Yes, and if Apple have headless machines starting with M1, going through M2, and then M1 Pro and M1 Max, each with close price points, that would make for very confusing reading.
At the moment, professionals looking at the M2 Air will crunch the numbers and consider that beyond a BTO 16/512 they may as well get the M1 Pro MacBook Pro 14", it's a similar question with the M2 MacBook Pro 13" because the products are priced so similarly. Cheaper real world users might just go for the base M1 Air.
But once the lines become fuzzier with the Mac mini situation up against the Mac Studio. If Apple pulled the same trick but inserted an M1 Pro CPU into the range this year, or an M2 Pro next year it really muddies up the water when you consider that Apple may want to replace the 2018 upper SKU mini with a new case.
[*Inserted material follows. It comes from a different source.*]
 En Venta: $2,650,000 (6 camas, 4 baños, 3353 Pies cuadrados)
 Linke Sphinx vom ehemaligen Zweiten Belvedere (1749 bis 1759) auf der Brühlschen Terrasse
The rumoured case is largely rumoured to be thinner - but how does that tally with the supposedly hotter running M2 which throttles more? And then throw a mid range CPU like the M1 Pro in there too?
It's not going to end well.
Although rumours suggest Apple have tried various CPUs in various cases, I would suggest that there's not enough room to squeeze an M1 Pro/M2 Pro into the lineup as well, especially as M2 Pro would look mightily confusing up against M1 Max and M1 Extreme in other Macs and even an M2 CPU in the same lineup machine without spinning it off into its own model (fanless Mac Cube 2nd gen anyone?)
My current thinking is that Apple could continue the 8/256 model M1 in the same case and keep an 8/512 option as well.
The upper SKU mini which is currently a $1099 Intel one is then replaced by an M2 16/512 configuration with 10 GPU cores. And it would come in the same case as the M1 but in space grey. It's the same thinking behind the replacement of the MacBook Pro 13" which replaced everything for no uplift in $ price (although us UK/Euro folks will fume quietly at our price increase).
Remember this spec gets to $1699 if you could BTO to 32Gb RAM and 1Tb - 24Gb/1Tb would still cost $1499. My estimate would be an M1 Pro costs $200 to add on top - and at that point you may as well get in line for a Mac Studio.
Even without M1 Pro this would be clearly an upsell to raise the average selling price of the mini while getting people in who otherwise wouldn't have afforded the Mac Studio which will remain the machine to get for anyone needing more than 2 screens.
Then later on, if Apple needed to refresh the lineup, the base model would be populated with M2 CPUs, potentially with 8 GPU cores, with M3 inhabiting the top SKU.
And I think some future benchmarks could actually look at whether or not video editors would benefit from the extra encoders that have been added to the M2 over the M1.